One passionate rebuttal came from a young writer in London, Mary Wollstonecraft (1759–1797). Incensed by Burke’s book, Wollstonecraft (WOOL-stuhn-kraft) wrote a blistering attack, A Vindication of the Rights of Man (1790). Two years later, she published her masterpiece, A Vindication of the Rights of Woman (1792). Like de Gouges in France, Wollstonecraft demanded equal rights for women. She also advocated coeducation out of the belief that it would make women better wives and mothers, good citizens, and economically independent. Considered very radical for the time, the book became a founding text of the feminist movement.

The kings and nobles of continental Europe, who had at first welcomed the Revolution in France as weakening a competing power, now feared its impact.

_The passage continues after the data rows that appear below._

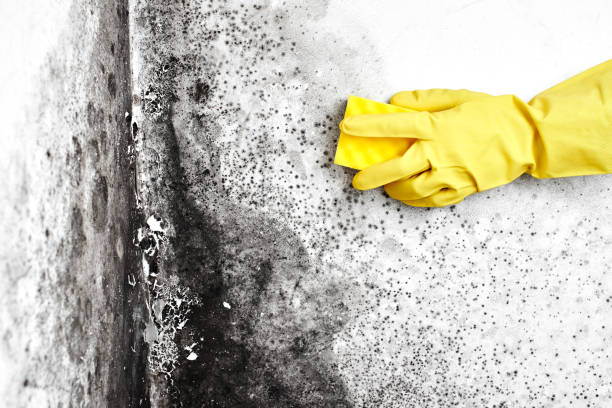 Best Mold Remediation  in Galatia, IL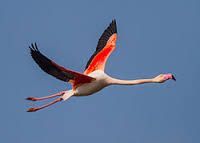 Flamencos enn la Bahia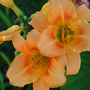 june1508_028.DAYLILY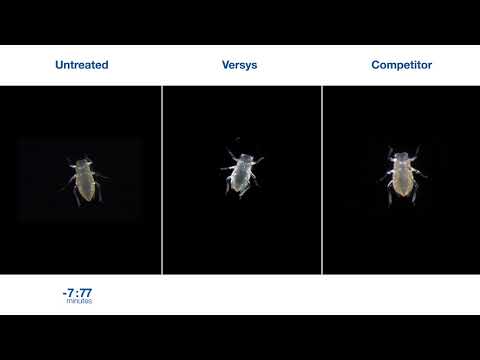 Versys® Insecticide – Aphid Time Lapse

In June 1791 the royal family was arrested and returned to Paris after trying to slip out of France. To supporters of the Revolution, the attempted flight was proof that the king was treacherously seeking foreign support for an invasion of France. To the monarchs of Austria and Prussia, the arrest of a crowned monarch was unacceptable. Two months later they issued the Declaration of Pillnitz, which professed their willingness to intervene in France to restore Louis XVI’s rule if necessary. It was expected to have a sobering effect on revolutionary France without causing war.

But the crowned heads of Europe misjudged the situation. The new French representative body, called the Legislative Assembly, that convened in October 1791 had new delegates and a different character. Although the delegates were still prosperous, well-educated middle-class men, they were younger and less cautious than their predecessors. Many of them belonged to the political Jacobin Club. Such clubs had proliferated in Parisian neighborhoods since the beginning of the Revolution, drawing men and women to debate the political issues of the day.

Jacobins and other deputies reacted with patriotic fury to the Declaration of Pillnitz. They said that if the kings of Europe were attempting to incite war against France, then “we will incite a war of people against kings…. Ten million Frenchmen, kindled by the fire of liberty, armed with the sword, with reason, with eloquence would be able to change the face of the world and make the tyrants tremble on their thrones.”3 In April 1792 France declared war on Francis II, the Habsburg monarch.

France’s crusade against tyranny went poorly at first. Prussia joined Austria against the French, who broke and fled at their first military encounter with this First Coalition of foreign powers united against the Revolution. The Legislative Assembly declared the country in danger, and volunteers rallied to the capital. In this wartime atmosphere, rumors of treason by the king and queen spread in Paris. On August 10, 1792, a revolutionary crowd attacked the royal palace at the Tuileries (TWEE-luh-reez), while the royal family fled to the Legislative Assembly. Rather than offering refuge, the Assembly suspended the king from all his functions, imprisoned him, and called for a constitutional assembly to be elected by universal male suffrage.